I hate feeling alone. Life losing it’s color, the light fading. I’m so tired of trying. I don’t wanna try anymore, I want to give up. Life would be easier if I just gave up.

Because let’s face it, my life is a lie, everything I know is a lie. My actions are a lie.

Giving up just  brings me closer to who I am at core.

I don’t wanna smile, I don’t wanna be productive, I just wanted to feel ok, but I can’t, nothing is ok. Not now, not ever.

I wanted life to make sense!! I wanted it to line up in a pretty row for me! A to B!!!!!!! But it didn’t!! Life had to be complex!! It had to be all the fucking curly cues and dotted lines and everything’s a mess!! It’s not black and white, easy to read, it’s grey!! CAN YOU BELIEVE IT?? GREY!!! THAT’S NOT EASY TO FIGURE OUT!!!

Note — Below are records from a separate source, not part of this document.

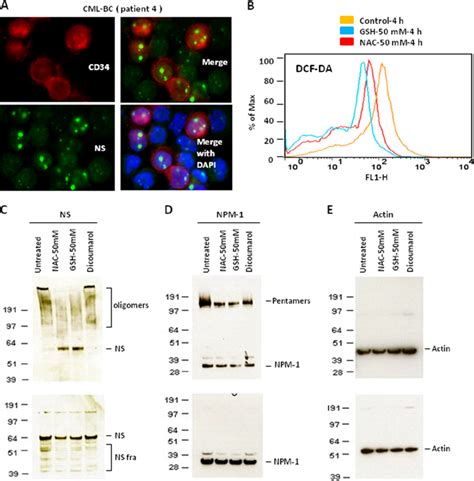 Expression Of NS In CD34 CML BC Cells And Reversal Of ROS Mediated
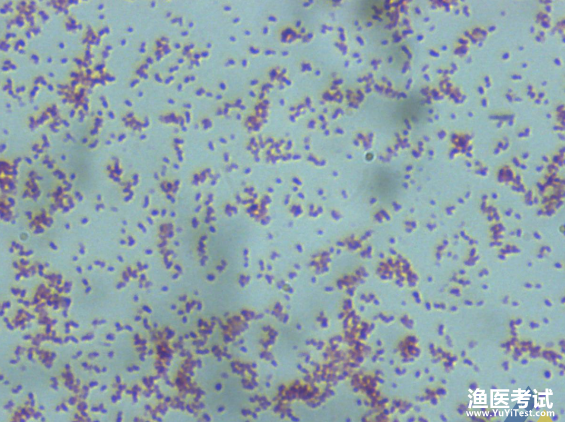 鲁氏耶尔森氏菌的革兰氏染色结果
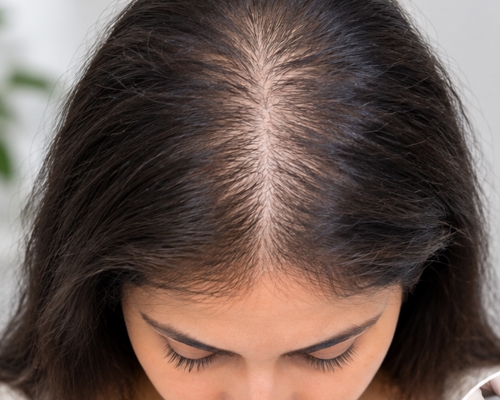 GFC Hair Treatment before result patient 2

I wanted life to be easy, to be simple, abc, 123, yet it’s not, far from it. It’s like a fucking rubix cube but the fucking colors don’t even match, some are missing!! That’s LIFE!! WHAT THE FUCK!!!!!!!!!

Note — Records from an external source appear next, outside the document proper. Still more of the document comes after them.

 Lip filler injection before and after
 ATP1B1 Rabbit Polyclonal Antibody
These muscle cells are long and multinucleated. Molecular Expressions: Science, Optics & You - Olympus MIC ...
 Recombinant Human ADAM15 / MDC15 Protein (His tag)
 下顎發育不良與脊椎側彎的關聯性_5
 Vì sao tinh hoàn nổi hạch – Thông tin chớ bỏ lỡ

I didn’t ask for this life, I wanted an EASY LIFE!!!!!!!!! I WANTED A LIFE THAT MADE SENSE!!!!!!

I can’t stand this world, this life. I can’t fake it away, I can’t lie my way out of it. I can’t escape.

I can’t control this life. I can’t play this game. I am a bi-standard in my own “life”, too scared to play. Too scared to be real. I’m fake, so fake it’s stupid. I can’t tell you what is what, I’ve lived too close to my lie, so much so my mask became who I thought I was. I couldn’t make it on my own, things didn’t make sense. I wanted things in a special order, and I couldn’t have that.

I made my way through life with a guise trying to beguile people into thinking I was a good person, so I’d not be hurt. To fool them and myself I guess. I couldn’t take reality so I had to make another one. The deception runs deep, too deep. I worry, I wonder..

I don’t wanna do the right thing, I don’t wanna follow any rule, I just wanna do what ever the fuck I wanna do. The end.